◆ **Task description**
Present exactly, and only, the lines running from the line that contains "Timothy | PetCurious" through the end of the entries below.

BEGIN Dataset

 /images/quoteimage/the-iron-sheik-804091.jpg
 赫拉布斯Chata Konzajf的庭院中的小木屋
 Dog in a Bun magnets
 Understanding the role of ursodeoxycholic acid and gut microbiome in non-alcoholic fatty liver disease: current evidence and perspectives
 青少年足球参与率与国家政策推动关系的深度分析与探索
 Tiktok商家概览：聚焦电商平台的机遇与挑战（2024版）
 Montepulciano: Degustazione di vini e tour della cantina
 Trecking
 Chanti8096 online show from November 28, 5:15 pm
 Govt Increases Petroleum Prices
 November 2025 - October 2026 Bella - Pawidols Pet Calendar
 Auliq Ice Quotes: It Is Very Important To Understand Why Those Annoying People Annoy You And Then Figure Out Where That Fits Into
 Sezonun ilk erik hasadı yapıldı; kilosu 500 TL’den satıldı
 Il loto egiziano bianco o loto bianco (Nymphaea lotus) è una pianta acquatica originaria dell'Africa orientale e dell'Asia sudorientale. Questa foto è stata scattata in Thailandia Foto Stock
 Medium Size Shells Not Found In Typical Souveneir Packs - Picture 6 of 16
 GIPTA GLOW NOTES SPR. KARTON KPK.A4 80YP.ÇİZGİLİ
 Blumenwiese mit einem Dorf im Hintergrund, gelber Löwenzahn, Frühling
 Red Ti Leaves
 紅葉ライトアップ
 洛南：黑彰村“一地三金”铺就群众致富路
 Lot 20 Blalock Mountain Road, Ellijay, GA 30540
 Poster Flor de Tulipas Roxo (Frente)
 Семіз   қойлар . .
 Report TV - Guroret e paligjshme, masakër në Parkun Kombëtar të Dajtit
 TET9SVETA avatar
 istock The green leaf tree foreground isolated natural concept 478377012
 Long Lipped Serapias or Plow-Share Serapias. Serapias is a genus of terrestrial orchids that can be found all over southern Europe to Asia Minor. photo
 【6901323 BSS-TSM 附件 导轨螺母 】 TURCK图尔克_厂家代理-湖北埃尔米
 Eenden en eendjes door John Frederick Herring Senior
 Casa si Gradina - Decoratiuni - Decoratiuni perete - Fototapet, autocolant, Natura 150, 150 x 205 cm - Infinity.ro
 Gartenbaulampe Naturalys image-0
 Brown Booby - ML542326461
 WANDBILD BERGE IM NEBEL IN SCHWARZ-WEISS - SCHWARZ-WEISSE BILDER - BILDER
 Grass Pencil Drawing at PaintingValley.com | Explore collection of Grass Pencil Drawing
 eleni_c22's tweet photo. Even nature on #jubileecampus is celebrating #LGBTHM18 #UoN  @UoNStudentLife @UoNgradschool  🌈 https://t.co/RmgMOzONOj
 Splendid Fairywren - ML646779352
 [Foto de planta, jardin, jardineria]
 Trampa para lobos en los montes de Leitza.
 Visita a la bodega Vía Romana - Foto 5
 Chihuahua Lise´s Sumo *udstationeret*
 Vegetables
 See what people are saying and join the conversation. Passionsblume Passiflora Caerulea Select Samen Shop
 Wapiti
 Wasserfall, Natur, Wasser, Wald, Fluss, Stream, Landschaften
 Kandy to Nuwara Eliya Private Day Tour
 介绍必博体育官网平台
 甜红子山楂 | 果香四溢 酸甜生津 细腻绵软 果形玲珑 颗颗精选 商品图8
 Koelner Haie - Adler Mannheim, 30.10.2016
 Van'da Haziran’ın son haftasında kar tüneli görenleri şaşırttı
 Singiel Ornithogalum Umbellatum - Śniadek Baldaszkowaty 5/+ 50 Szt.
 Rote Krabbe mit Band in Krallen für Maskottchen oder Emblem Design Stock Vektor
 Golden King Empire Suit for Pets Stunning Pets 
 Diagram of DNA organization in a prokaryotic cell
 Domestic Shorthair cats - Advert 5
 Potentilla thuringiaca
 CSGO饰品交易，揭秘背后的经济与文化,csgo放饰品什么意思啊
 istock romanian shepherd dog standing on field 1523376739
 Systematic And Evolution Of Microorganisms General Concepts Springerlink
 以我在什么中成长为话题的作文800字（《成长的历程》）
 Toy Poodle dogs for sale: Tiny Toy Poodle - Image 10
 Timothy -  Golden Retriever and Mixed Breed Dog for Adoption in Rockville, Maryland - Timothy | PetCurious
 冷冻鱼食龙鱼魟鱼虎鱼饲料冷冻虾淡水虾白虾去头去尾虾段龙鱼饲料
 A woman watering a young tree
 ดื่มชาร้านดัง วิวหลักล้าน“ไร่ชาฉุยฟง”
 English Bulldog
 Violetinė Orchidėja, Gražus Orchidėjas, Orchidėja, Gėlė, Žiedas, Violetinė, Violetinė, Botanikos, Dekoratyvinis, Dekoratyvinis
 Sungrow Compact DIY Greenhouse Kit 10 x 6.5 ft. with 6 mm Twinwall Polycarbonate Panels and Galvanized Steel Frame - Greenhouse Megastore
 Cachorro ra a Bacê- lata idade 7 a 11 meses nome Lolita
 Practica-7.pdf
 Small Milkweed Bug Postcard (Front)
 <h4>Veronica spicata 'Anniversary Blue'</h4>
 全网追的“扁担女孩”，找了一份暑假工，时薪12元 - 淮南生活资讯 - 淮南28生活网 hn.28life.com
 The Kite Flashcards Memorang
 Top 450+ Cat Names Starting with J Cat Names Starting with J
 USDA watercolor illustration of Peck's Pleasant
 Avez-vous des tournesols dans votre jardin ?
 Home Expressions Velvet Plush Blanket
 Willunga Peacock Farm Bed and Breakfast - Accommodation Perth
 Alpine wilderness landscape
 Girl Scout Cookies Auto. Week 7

END Dataset

◆ **Final answer**
 Timothy -  Golden Retriever and Mixed Breed Dog for Adoption in Rockville, Maryland - Timothy | PetCurious
 冷冻鱼食龙鱼魟鱼虎鱼饲料冷冻虾淡水虾白虾去头去尾虾段龙鱼饲料
 A woman watering a young tree
 ดื่มชาร้านดัง วิวหลักล้าน“ไร่ชาฉุยฟง”
 English Bulldog
 Violetinė Orchidėja, Gražus Orchidėjas, Orchidėja, Gėlė, Žiedas, Violetinė, Violetinė, Botanikos, Dekoratyvinis, Dekoratyvinis
 Sungrow Compact DIY Greenhouse Kit 10 x 6.5 ft. with 6 mm Twinwall Polycarbonate Panels and Galvanized Steel Frame - Greenhouse Megastore
 Cachorro ra a Bacê- lata idade 7 a 11 meses nome Lolita
 Practica-7.pdf
 Small Milkweed Bug Postcard (Front)
 <h4>Veronica spicata 'Anniversary Blue'</h4>
 全网追的“扁担女孩”，找了一份暑假工，时薪12元 - 淮南生活资讯 - 淮南28生活网 hn.28life.com
 The Kite Flashcards Memorang
 Top 450+ Cat Names Starting with J Cat Names Starting with J
 USDA watercolor illustration of Peck's Pleasant
 Avez-vous des tournesols dans votre jardin ?
 Home Expressions Velvet Plush Blanket
 Willunga Peacock Farm Bed and Breakfast - Accommodation Perth
 Alpine wilderness landscape
 Girl Scout Cookies Auto. Week 7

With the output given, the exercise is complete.